Emma le sorrise: " Sono sicura di si".
Tornarono nel silenzio per qualche minuto, poi Regina parlò nuovamente.
"E tu?"
"E io cosa?" chiese perplessa.
" abbiamo parlato di me fino ad ora, dimmi qualcosa di te. Andiamo, tutti hanno qualcosa su cui sfogarsi!"
Si strinse nelle spalle: " rispetto a quello che hai vissuto tu, la mia vita è una favola. Terribilmente noiosa ma...una favola"
La bruna scosse la testa: "non è così. Potrai anche star vivendo, o aver vissuto, una vita migliore della mia, ma non per questo non hai il diritto di lamentarti su ciò che non va in essa. Insomma, ci sarà sempre chi sta peggio di noi, lo sappiamo, ma abbiamo bisogno di sfogarci lo stesso, è la natura umana, è non c'è nulla di male in questo"
Emma la guardò, grata, profondamente grata, di quelle parole. Perchè quello era un problema che si poneva spesso, forse più spesso del dovuto, e con quelle semplici parole quella donna le aveva offerto una soluzione.
Sospirò.
"Beh...i miei genitori sono ricchi, insieme, sono a capo di diverse aziende in campo meccanico e farmaceutico. Hanno amici ricchi e... dal loro punto di vista, hanno una  vita  perfetta, ma non per me. Hanno sempre messo le loro aziende, i loro incontri di lavoro, i loro ricchi colleghi, prima di me. Tutto quello che vogliono è che segua le loro impronte, che sia sempre la loro figlia immacolata e perfetta, che un giorno avrà il matrimonio perfetto e porterà avanti con onore il nome e le aziende di famiglia. Ed è un'ottima occasione, non posso negarlo, forse la migliore che avrò mai, ma...insomma, io voglio vivere la mia vita. Non dico che non accetterò le opportunità di lavoro che mi daranno ma... io voglio innamorarmi, voglio stare con quella persona, una persona che io avrò conosciuto da sola, senza che siano stati loro a presentarmela come buon partito, qualcuno che abbia vissuto, vissuto davvero, non una vita nella bambagia, una vita vera..."

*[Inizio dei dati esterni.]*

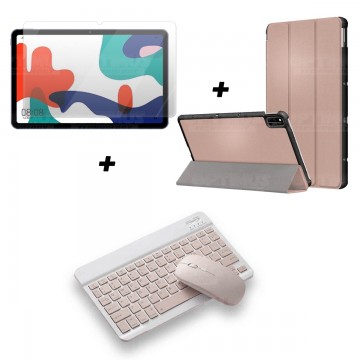 Kit Vidrio templado + Case Forro Protector + Teclado y Mouse Ratón Bluetooth para Tablet Huawei Matepad 10.4 OPTIMUS TECHNOLOGY™
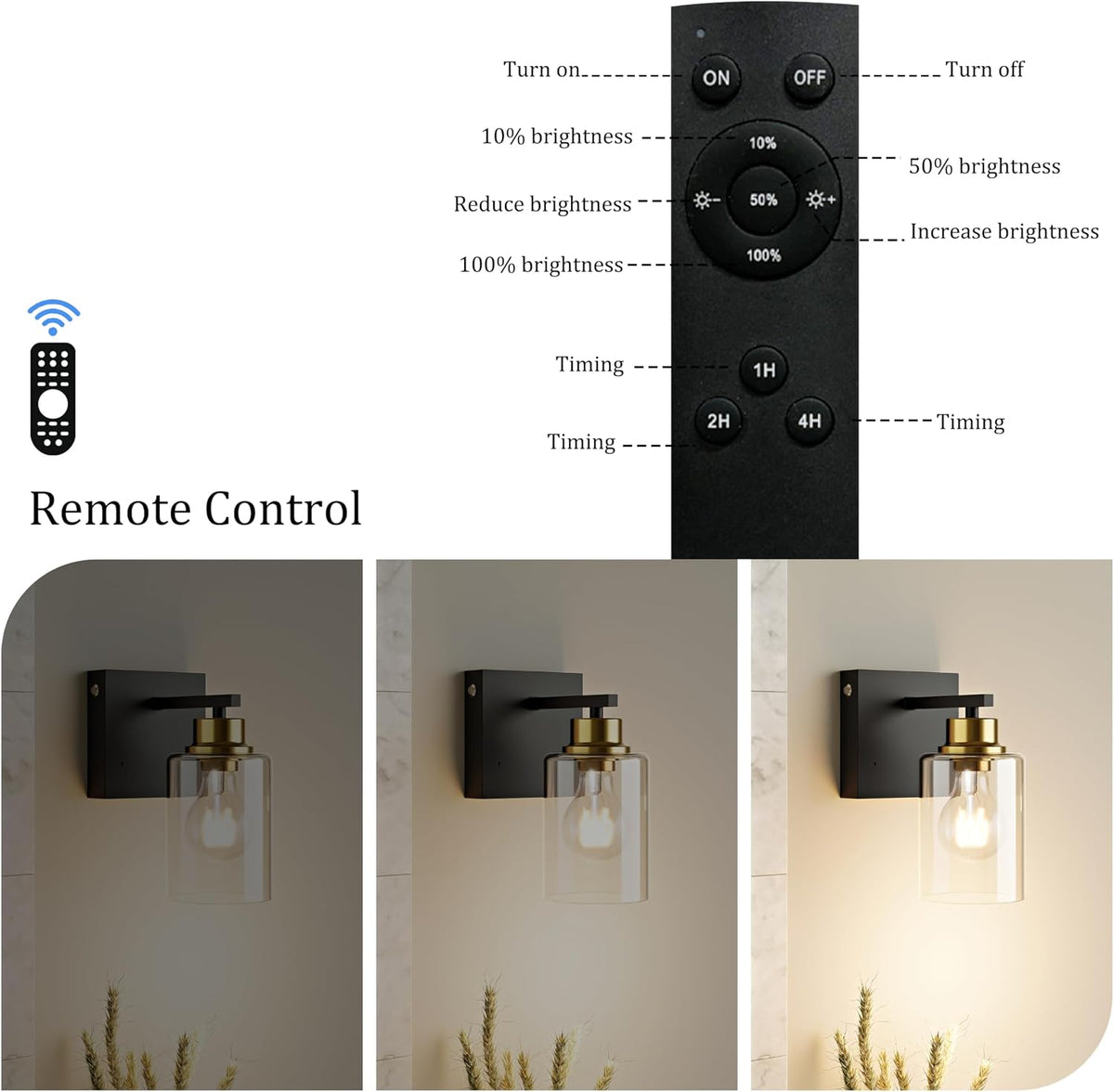 Wireless Battery Operated Wall Sconce Set of Two with Remote Control | Black & Gold Dimmable Rechargeable Wall Lights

Pronunciando quelle parole sentì quasi un qualcosa di familiare in esse, un sottinteso ovvio che però non riusciva a portare alla luce. Regina la osservava intensamente, con un interesse che nessuno le aveva mai rivolto, mentre affrontava quegli argomenti. E ciò la spinse a parlare ancora.

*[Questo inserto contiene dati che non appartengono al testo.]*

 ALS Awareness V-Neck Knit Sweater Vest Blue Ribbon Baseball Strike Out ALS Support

"Sai io...amo le storie. Amo leggerle, amo scriverle. Sin da bambina la mia mente viaggiava ad ogni immagine diversa dal normale, ogni piccola cosa che colpisse la mia attenzione. Il mio cervello vi produceva storie su storie, e poi ho iniziato a scrivere ed un nuovo mondo mi si è rivelato. Insomma, io voglio seguire le mie passioni, non voglio diventare come loro, così...falsa"
Terminò restando in silenzio.
"Si, ti capisco perfettamente" le disse Regina a bassa voce.
Ancora passarono secondi di silenzio. Il cielo era ancora scuro, il sole non sarebbe sorto prima delle cinque e mezza, e le stelle brillavano luminose su di loro, illuminando la spiaggia.
D'improvviso, Regina parlò.
"Dici che ti piace scrivere...come descriveresti questo momento?"
Lei si girò a guardarla, stupita da quella richiesta improvvisa. Ma presto iniziò ad elaborare una risposta. Guardò le stelle e la trovò scritta in loro. Prese un respiro profondo.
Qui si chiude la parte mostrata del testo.